§ What is required
In the entries below, find the line with "Косметический туалетный столик" and the line with "It's My 8th"; reproduce those two lines and all lines between them exactly, without pictures.

§ Given data
━━━━━━━━━━━━━━━━━━━━━━━━━━━━━━

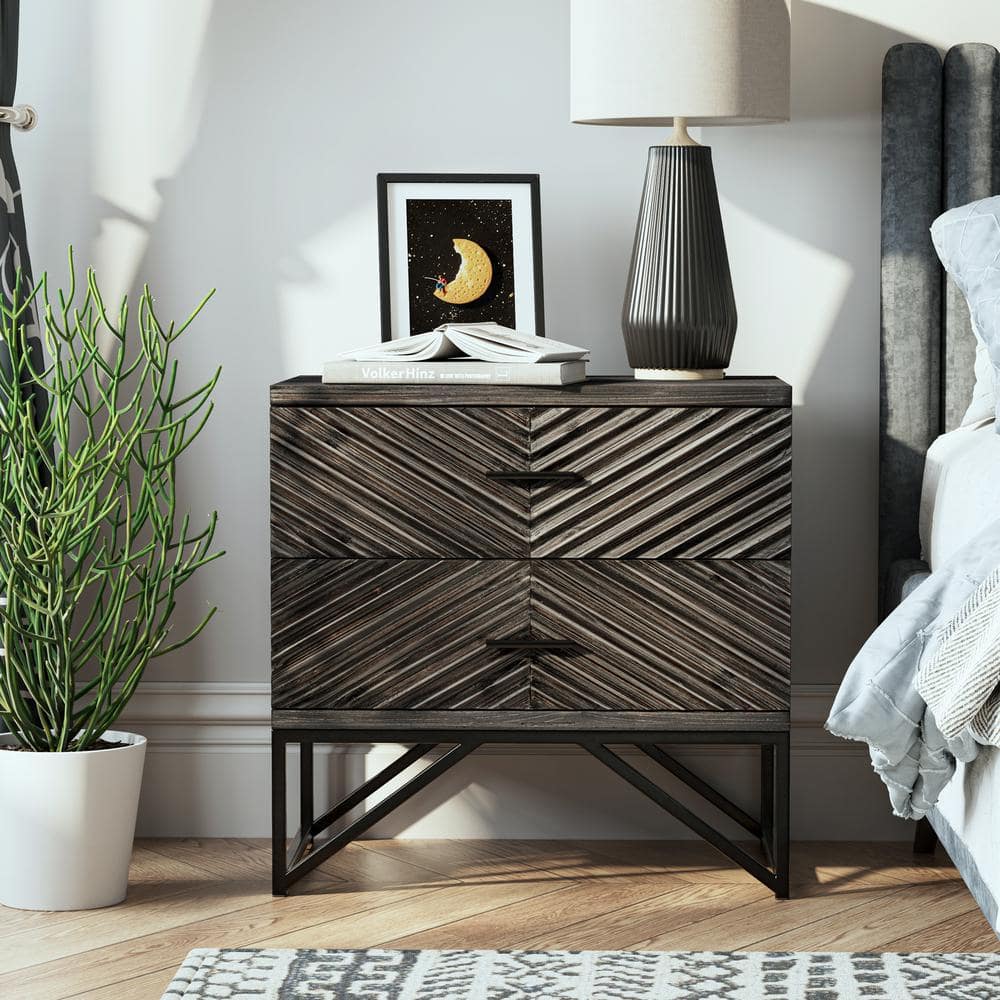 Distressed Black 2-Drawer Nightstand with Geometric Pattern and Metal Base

━━━━━━━━━━━━━━━━━━━━━━━━━━━━━━

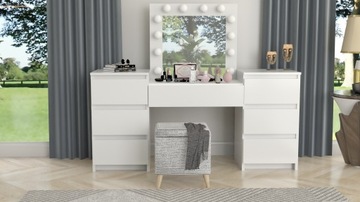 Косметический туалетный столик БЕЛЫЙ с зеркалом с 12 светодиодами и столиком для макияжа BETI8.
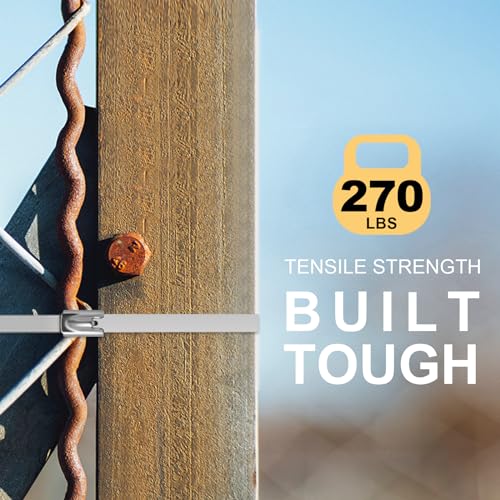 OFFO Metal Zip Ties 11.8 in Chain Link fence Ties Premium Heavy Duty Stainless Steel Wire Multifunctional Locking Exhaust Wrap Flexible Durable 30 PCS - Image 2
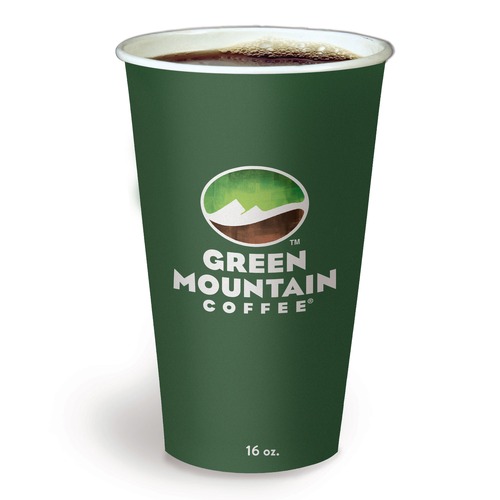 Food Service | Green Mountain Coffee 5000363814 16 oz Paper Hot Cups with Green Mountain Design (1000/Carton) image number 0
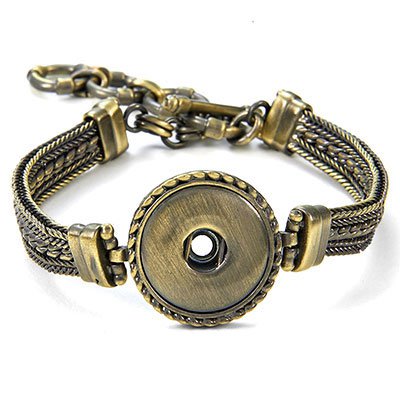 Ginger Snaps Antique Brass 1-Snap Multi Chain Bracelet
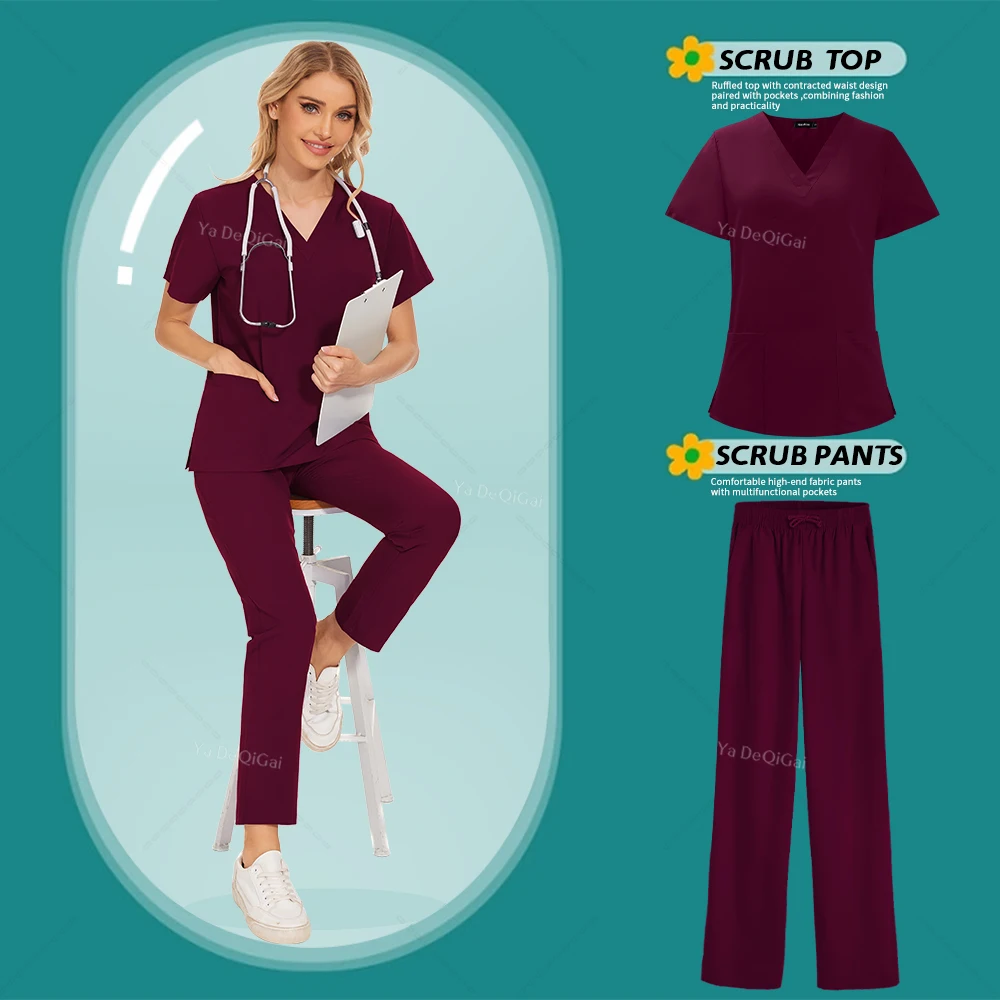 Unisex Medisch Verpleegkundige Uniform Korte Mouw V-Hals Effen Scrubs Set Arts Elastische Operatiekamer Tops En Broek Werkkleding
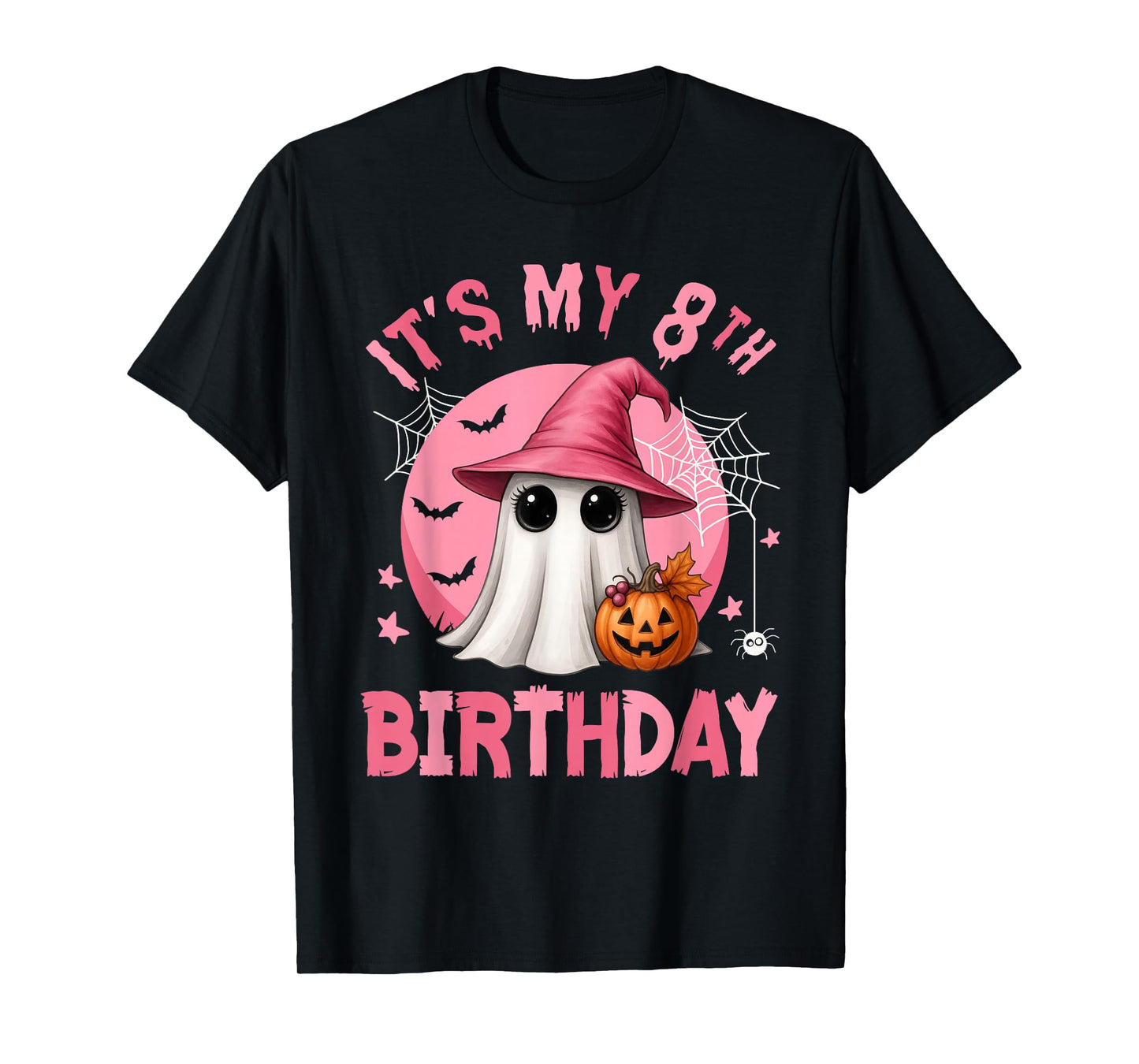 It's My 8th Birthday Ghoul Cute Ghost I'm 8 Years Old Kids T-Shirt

━━━━━━━━━━━━━━━━━━━━━━━━━━━━━━

§ Task result
 Косметический туалетный столик БЕЛЫЙ с зеркалом с 12 светодиодами и столиком для макияжа BETI8.
 OFFO Metal Zip Ties 11.8 in Chain Link fence Ties Premium Heavy Duty Stainless Steel Wire Multifunctional Locking Exhaust Wrap Flexible Durable 30 PCS - Image 2
 Food Service | Green Mountain Coffee 5000363814 16 oz Paper Hot Cups with Green Mountain Design (1000/Carton) image number 0
 Ginger Snaps Antique Brass 1-Snap Multi Chain Bracelet
 Unisex Medisch Verpleegkundige Uniform Korte Mouw V-Hals Effen Scrubs Set Arts Elastische Operatiekamer Tops En Broek Werkkleding
 It's My 8th Birthday Ghoul Cute Ghost I'm 8 Years Old Kids T-Shirt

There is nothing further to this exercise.